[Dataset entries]
▼▼▼

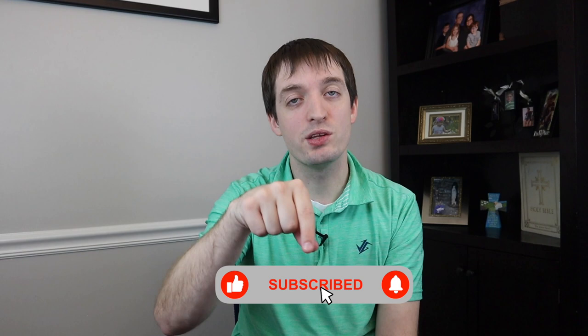Before we get to our last tip, do me a favor — if you've enjoyed this and you're getting value, hit the subscribe button down below and hit the little notification bell next to it. That will ensure that each and every week when we put out these videos, they come right to your screen so you can tune in with us each and every week.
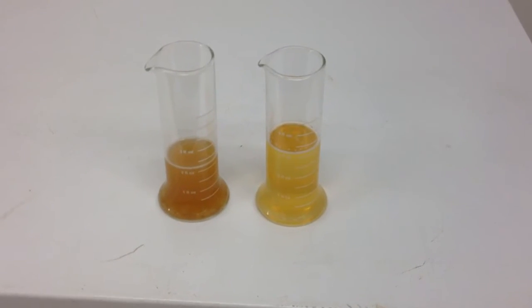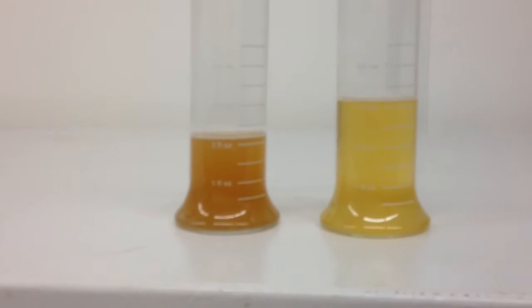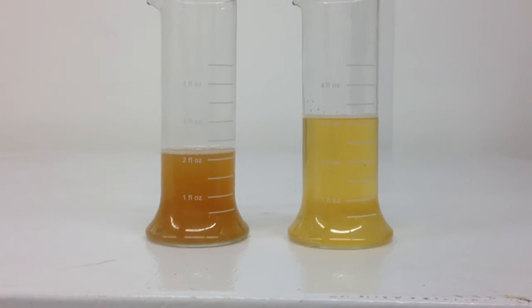This is a very quick video — almost out of battery. This is what you get: the difference between filtering and not filtering product between two kegs.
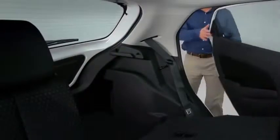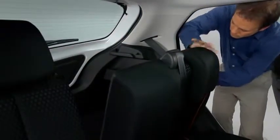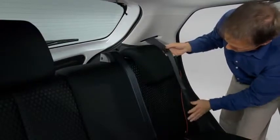To return the seatbacks to the upright position, lift the seatbacks upright. Remove the rear seatbelt from the seatbelt clip and route it in front of the seat. Pull on the top of the seatbacks from inside the vehicle to make sure they are locked. If the red indicator is visible on the back of the rear seatback knob, the seatback is not locked.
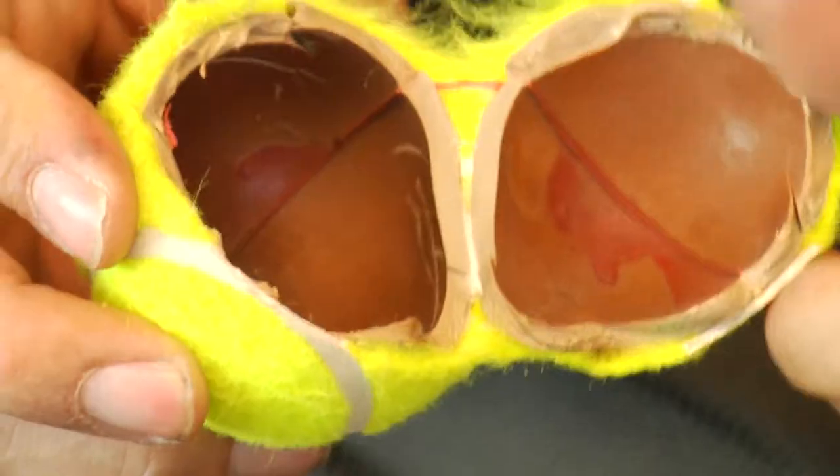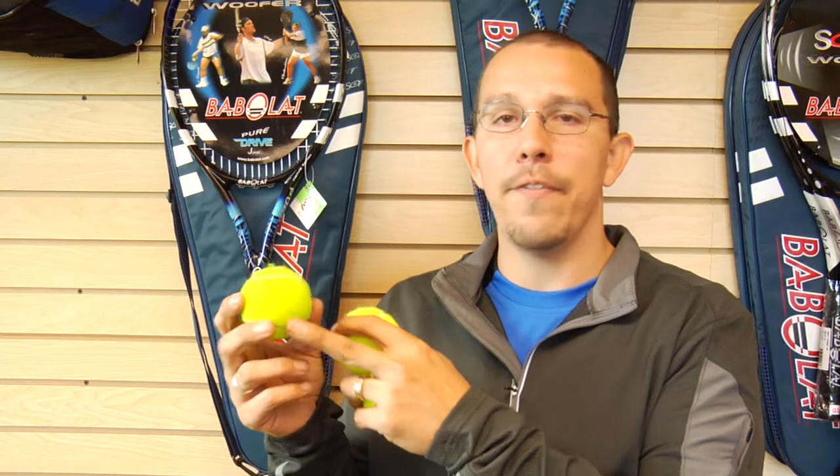The tennis ball is actually a rubber encased pressurized ball with a felt covering. That felt helps to grip the racket strings so that you can modify the type of spin you're putting on the ball.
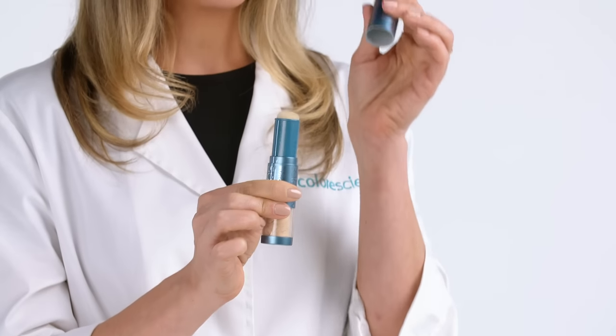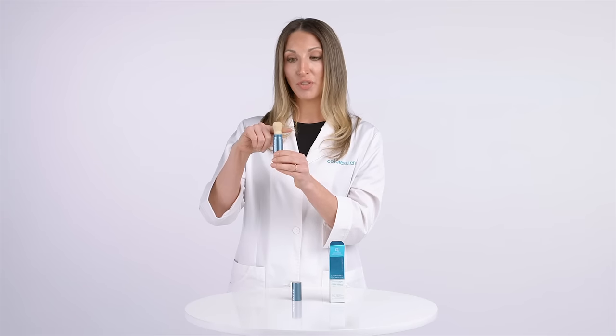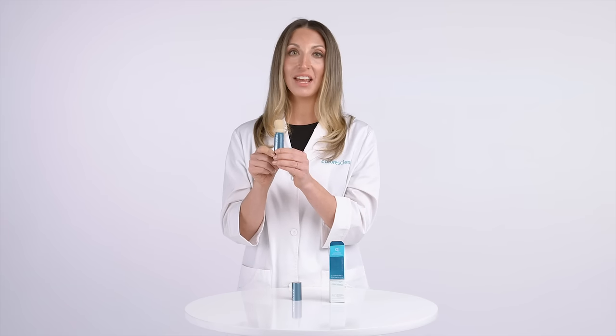Then remove the cap again, pull down the sleeve, and rub your finger over the brush. That poof of powder means that your brush is activated and ready to go.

▲▲▲

__EXERCISE__:
Only the lines from the line with "To return the" to the end of the records should be repeated, exactly and without pictures.

__EXERCISE RESULT__:
To return the seatbacks to the upright position, lift the seatbacks upright. Remove the rear seatbelt from the seatbelt clip and route it in front of the seat. Pull on the top of the seatbacks from inside the vehicle to make sure they are locked. If the red indicator is visible on the back of the rear seatback knob, the seatback is not locked.
The tennis ball is actually a rubber encased pressurized ball with a felt covering. That felt helps to grip the racket strings so that you can modify the type of spin you're putting on the ball.
Then remove the cap again, pull down the sleeve, and rub your finger over the brush. That poof of powder means that your brush is activated and ready to go.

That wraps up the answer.